6. In the invention, the similarity between key sentences is comprehensively determined by the similarity calculated based on anchor points and cosine similarity calculated based on semantics. The design is beneficial to enhancing the reliability of the similarity comparison result between the key sentences, so that the readability of the sequenced texts is enhanced, and the reading experience of a user is improved.
7. In the invention, transition text is generated between key sentences of the initial target text abstract through the Monte-T5 model, so that the target text abstract with the transition text is obtained. It will be appreciated that, through the previous steps, the initial target text summary already contains substantially all the information necessary for an article summary, but these information are only spliced very directly, so that continuity and readability are poor when reading, and generating transition text between key sentences of the initial target text summary can further improve the readability of the target text summary, thereby further improving the reading experience of the user.
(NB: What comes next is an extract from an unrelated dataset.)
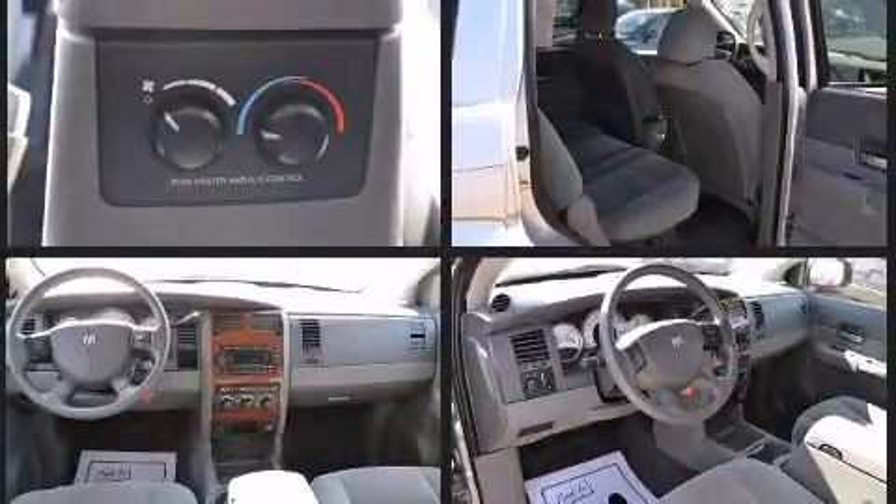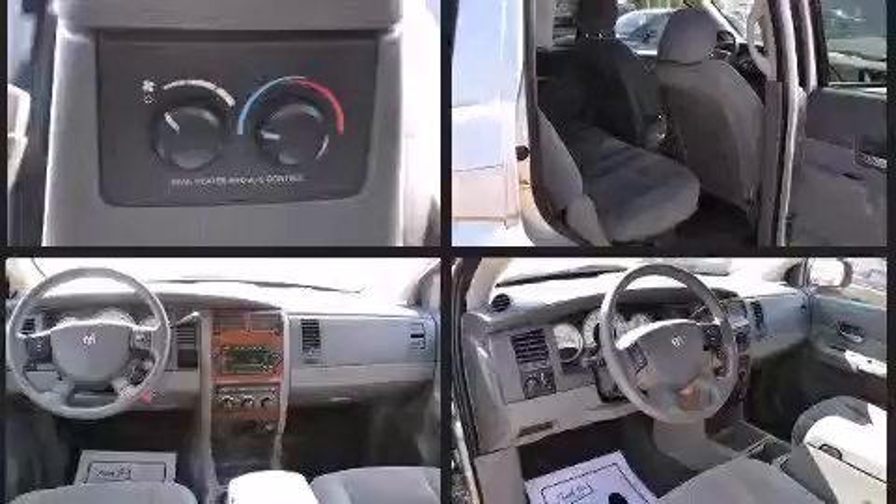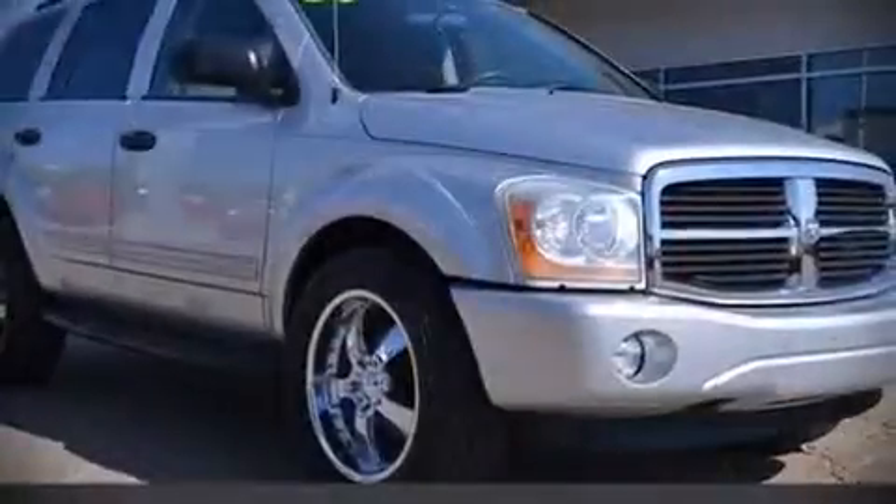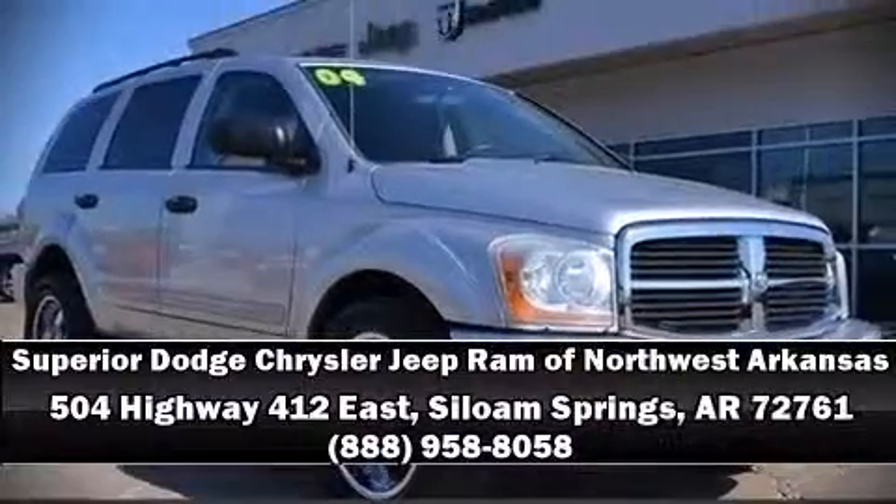It also arrives with a Carfax history report, providing you peace of mind with detailed information. Stop by our dealership or give us a call for more information.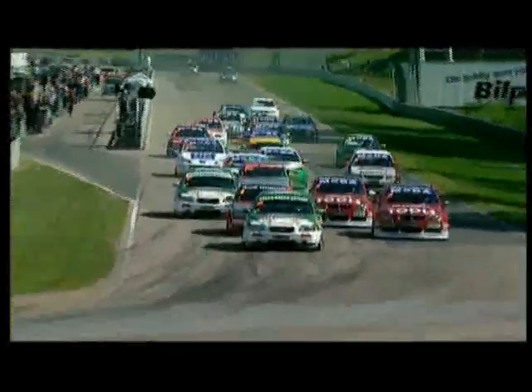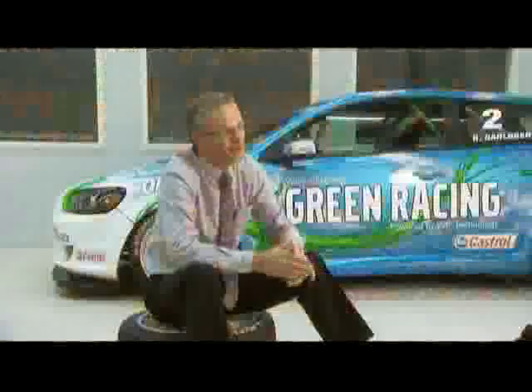Volvo continues its successful environmental concentration in motorsport with ethanol engines in the STCC. This year, the model has been changed and a huge effort is being put into the C30. As you see, it's a whole new car, but the powertrain — the E85 concept — is exactly the same as carryover.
8. In the method, the transition text is generated by setting masks among key sentences of the initial target text abstract respectively, and predicting the contents of the masks through a Monte-T5 model to obtain the generated transition text, so that the target text abstract with the transition text is obtained, and the transition text is used for perfecting the logic relationship among the adjacent key sentences in the initial target text abstract. Through the previous algorithm steps, the initial target text abstract already contains all necessary information of one research report abstract, so that the transition text is often a shorter logic phrase, a connective word or a subtitle, and the like, and does not contain excessive useful information text. The generation of the transitional text can be simplified into the generation of the logic phrase, the connective or the subtitle among sentences. The Monte-T5 model is pre-trained by using 300GB mass data and stores rich priori knowledge, so that a higher generation effect can be achieved under the setting of fine tuning of few samples.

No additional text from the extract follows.